Task brief —
The output must match the entries below exactly, with pictures removed.

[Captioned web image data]
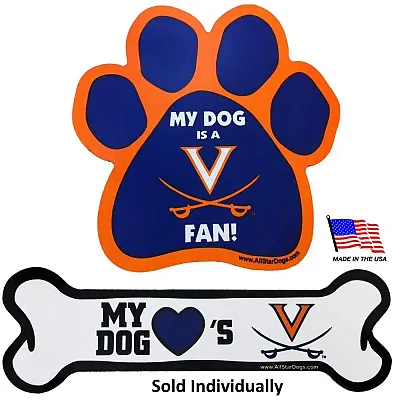 All Star Dogs Virginia Cavaliers Car Magnets - Paw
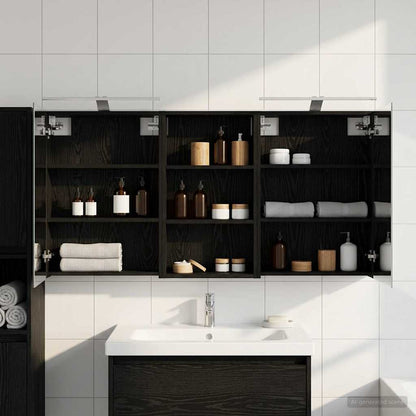 vidaXL Bathroom Cabinet Set 3 pcs 140 x 14.5 x 70 cm Engineered wood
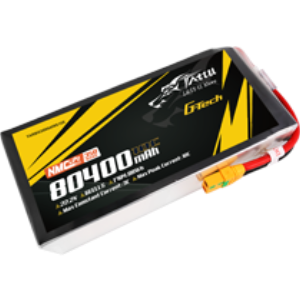Tattu 330Wh/Kg Semi-solid State 80400mAh 6S 10C 22.2V G-Tech Lipo Battery - battery / power supply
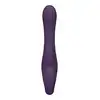 Vive - Suki Vibrating Strapless Strap-on Rabbit Purple. Wibrujący strapon bezuprzężowy, intensywna stymulacja dla obu partnerów 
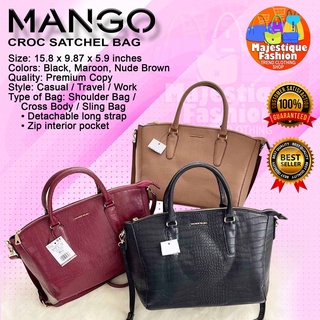 MANGO Large Tote Bag for Woman with Zipper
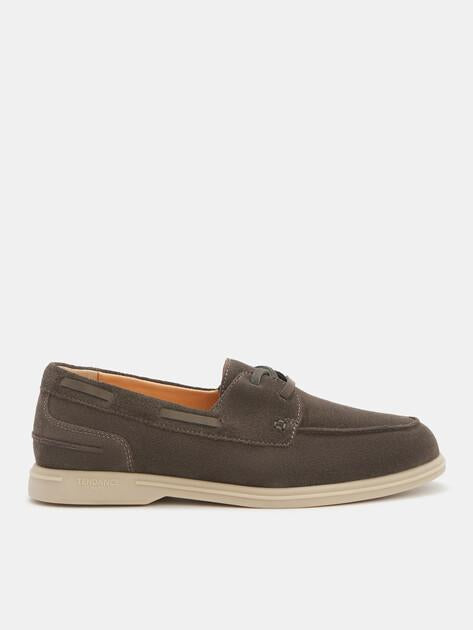 TENDANCE Topsiders (genuine suede/genuine leather)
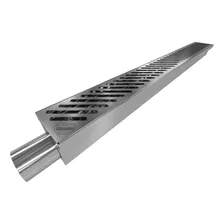 Ralo Cozinha Industrial Linear Coletor De Residuo 80cm Inox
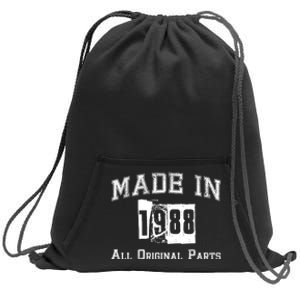 Made In 1988 Funny Anniversary Gift Sweatshirt Cinch Pack Bag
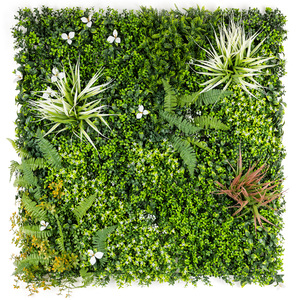 Artificial Meadow Living Wall 4Pc - Green by Christow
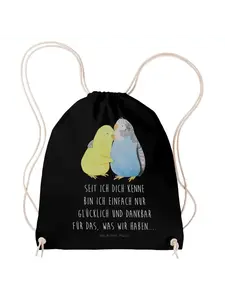 Спортивная сумка Mr. & Mrs. Panda, черный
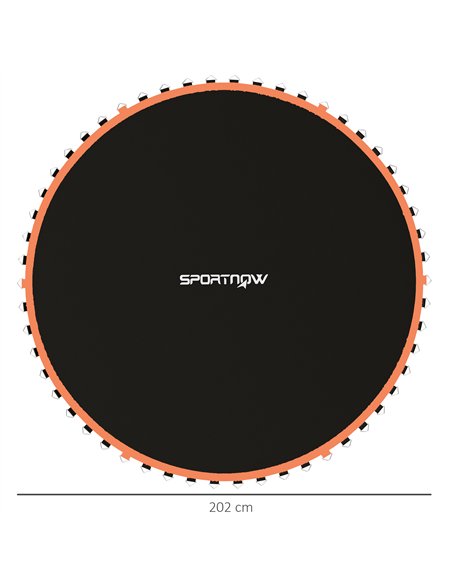 SPORTNOW Trampoline Replacement Mat with Spring Pull Tool, 42 V-Hooks, for 8ft Trampoline using 14cm Springs, Orange - pic 154952 | FastDaddyshop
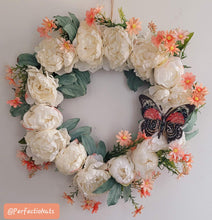 Load image into Gallery viewer, Peony Summer Wreath
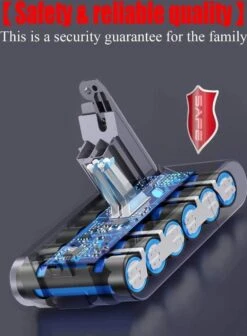 Vervangende Accu Batterij Geschikt Voor Dyson V8 Steelstofzuiger - 21.6V 6000mAh - V8 - SV10 - V8 Absolute – Fluffy – Animal – Dier – Geschikt Geschikt Voor Dyson Batterij -Tuin- En Buitengereedschapswinkels 881x1200 1
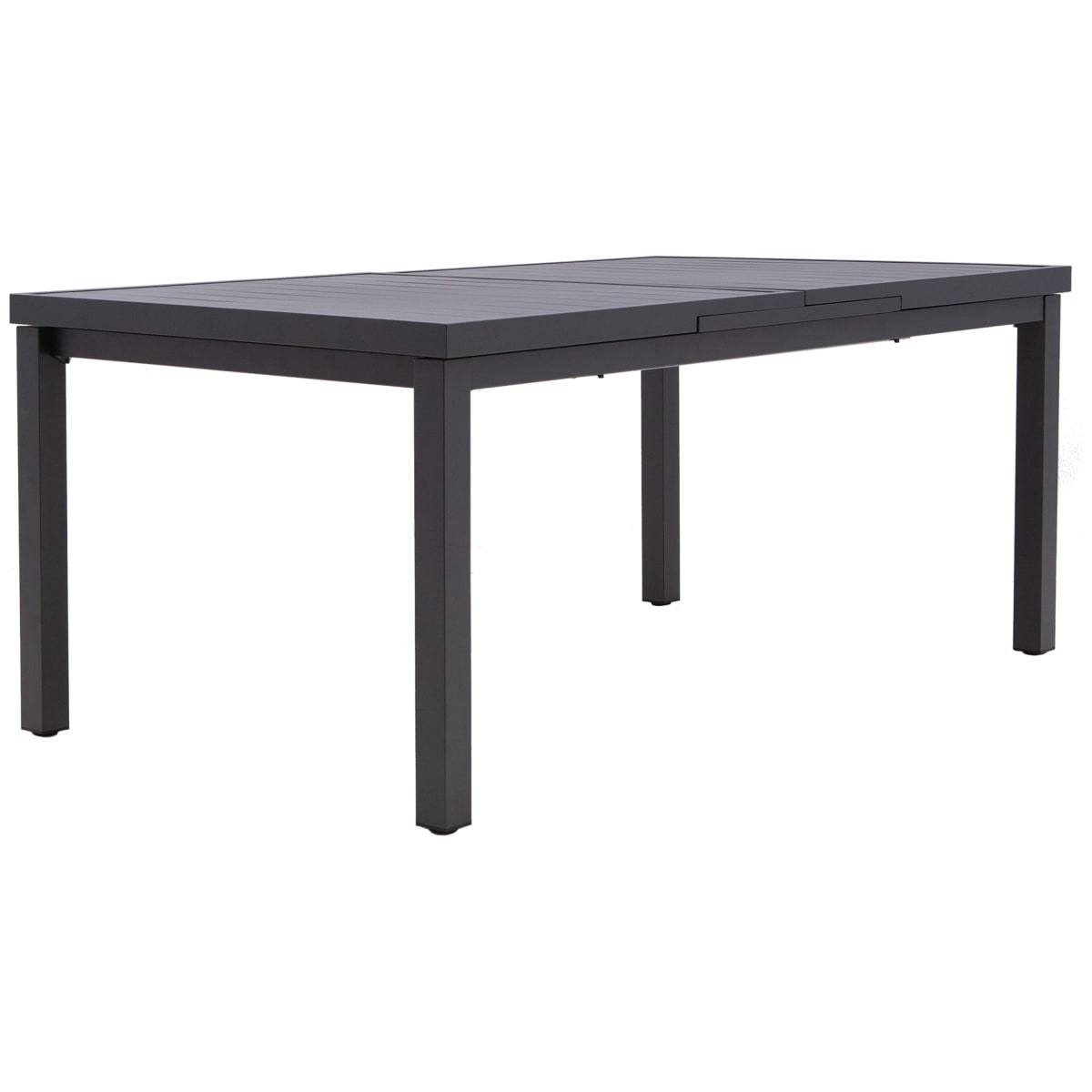 SANIBEL 6/8-SEAT EXTENDABLE TABLE FULL ALUMINUM 180/240X100 ANTHRACITE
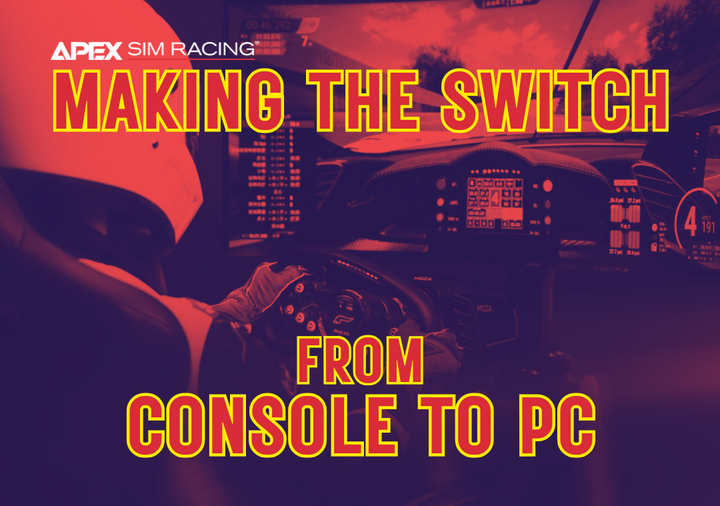 A picture of a person in a white helmet PC sim racing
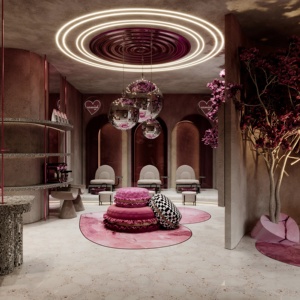 Luxury Hair Salon Shop Fitting One Stop Solution with 3D Layout Design - Product Image 1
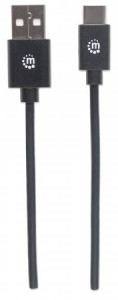  USB 2.0 AM Manhattan Type-C M 3.0m  (354936) 9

Expected answer —
 All Star Dogs Virginia Cavaliers Car Magnets - Paw
 vidaXL Bathroom Cabinet Set 3 pcs 140 x 14.5 x 70 cm Engineered wood
Tattu 330Wh/Kg Semi-solid State 80400mAh 6S 10C 22.2V G-Tech Lipo Battery - battery / power supply
 Vive - Suki Vibrating Strapless Strap-on Rabbit Purple. Wibrujący strapon bezuprzężowy, intensywna stymulacja dla obu partnerów 
 MANGO Large Tote Bag for Woman with Zipper
 TENDANCE Topsiders (genuine suede/genuine leather)
 Ralo Cozinha Industrial Linear Coletor De Residuo 80cm Inox
 Made In 1988 Funny Anniversary Gift Sweatshirt Cinch Pack Bag
 Artificial Meadow Living Wall 4Pc - Green by Christow
 Спортивная сумка Mr. & Mrs. Panda, черный
 SPORTNOW Trampoline Replacement Mat with Spring Pull Tool, 42 V-Hooks, for 8ft Trampoline using 14cm Springs, Orange - pic 154952 | FastDaddyshop
 Load image into Gallery viewer, Peony Summer Wreath
 Vervangende Accu Batterij Geschikt Voor Dyson V8 Steelstofzuiger - 21.6V 6000mAh - V8 - SV10 - V8 Absolute – Fluffy – Animal – Dier – Geschikt Geschikt Voor Dyson Batterij -Tuin- En Buitengereedschapswinkels 881x1200 1
 SANIBEL 6/8-SEAT EXTENDABLE TABLE FULL ALUMINUM 180/240X100 ANTHRACITE
 A picture of a person in a white helmet PC sim racing
 Luxury Hair Salon Shop Fitting One Stop Solution with 3D Layout Design - Product Image 1
  USB 2.0 AM Manhattan Type-C M 3.0m  (354936) 9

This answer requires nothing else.